• **What you will do**:
From the line with "Tolerans F Sans" through the line with "Apartamento en San", repeat the entries verbatim, both end lines included, and add nothing.

• **Provided data**:
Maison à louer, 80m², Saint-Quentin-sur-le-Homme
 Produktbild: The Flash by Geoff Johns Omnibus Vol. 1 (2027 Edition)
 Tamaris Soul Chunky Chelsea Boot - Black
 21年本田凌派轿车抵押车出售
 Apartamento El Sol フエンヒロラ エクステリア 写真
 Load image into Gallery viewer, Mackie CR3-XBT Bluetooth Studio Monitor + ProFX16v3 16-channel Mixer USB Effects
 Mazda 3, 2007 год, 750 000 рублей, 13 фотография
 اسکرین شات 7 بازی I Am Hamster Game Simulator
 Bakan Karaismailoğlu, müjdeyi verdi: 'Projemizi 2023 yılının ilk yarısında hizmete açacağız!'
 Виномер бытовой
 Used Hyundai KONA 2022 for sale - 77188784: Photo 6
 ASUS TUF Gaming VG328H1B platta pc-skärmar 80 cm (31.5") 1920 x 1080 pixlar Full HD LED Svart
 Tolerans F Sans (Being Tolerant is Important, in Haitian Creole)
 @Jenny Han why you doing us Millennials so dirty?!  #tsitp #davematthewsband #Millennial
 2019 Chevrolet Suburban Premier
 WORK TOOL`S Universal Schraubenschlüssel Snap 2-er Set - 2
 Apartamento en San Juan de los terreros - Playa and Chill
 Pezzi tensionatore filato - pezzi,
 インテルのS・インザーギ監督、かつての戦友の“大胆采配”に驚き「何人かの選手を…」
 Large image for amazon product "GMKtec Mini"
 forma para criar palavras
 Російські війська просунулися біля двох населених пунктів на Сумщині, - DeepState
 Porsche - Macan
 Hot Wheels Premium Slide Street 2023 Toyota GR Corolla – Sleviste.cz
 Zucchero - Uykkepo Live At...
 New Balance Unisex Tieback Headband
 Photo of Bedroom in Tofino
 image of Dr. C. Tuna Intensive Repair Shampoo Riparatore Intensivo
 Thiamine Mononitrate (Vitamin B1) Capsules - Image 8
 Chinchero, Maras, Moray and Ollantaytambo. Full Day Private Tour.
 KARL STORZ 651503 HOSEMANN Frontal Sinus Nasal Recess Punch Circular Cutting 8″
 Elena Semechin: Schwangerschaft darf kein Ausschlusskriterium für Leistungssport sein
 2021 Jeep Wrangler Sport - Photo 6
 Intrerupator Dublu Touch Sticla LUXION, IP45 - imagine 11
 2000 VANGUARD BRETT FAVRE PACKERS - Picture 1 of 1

• **Answer to this problem**:
 Tolerans F Sans (Being Tolerant is Important, in Haitian Creole)
 @Jenny Han why you doing us Millennials so dirty?!  #tsitp #davematthewsband #Millennial
 2019 Chevrolet Suburban Premier
 WORK TOOL`S Universal Schraubenschlüssel Snap 2-er Set - 2
 Apartamento en San Juan de los terreros - Playa and Chill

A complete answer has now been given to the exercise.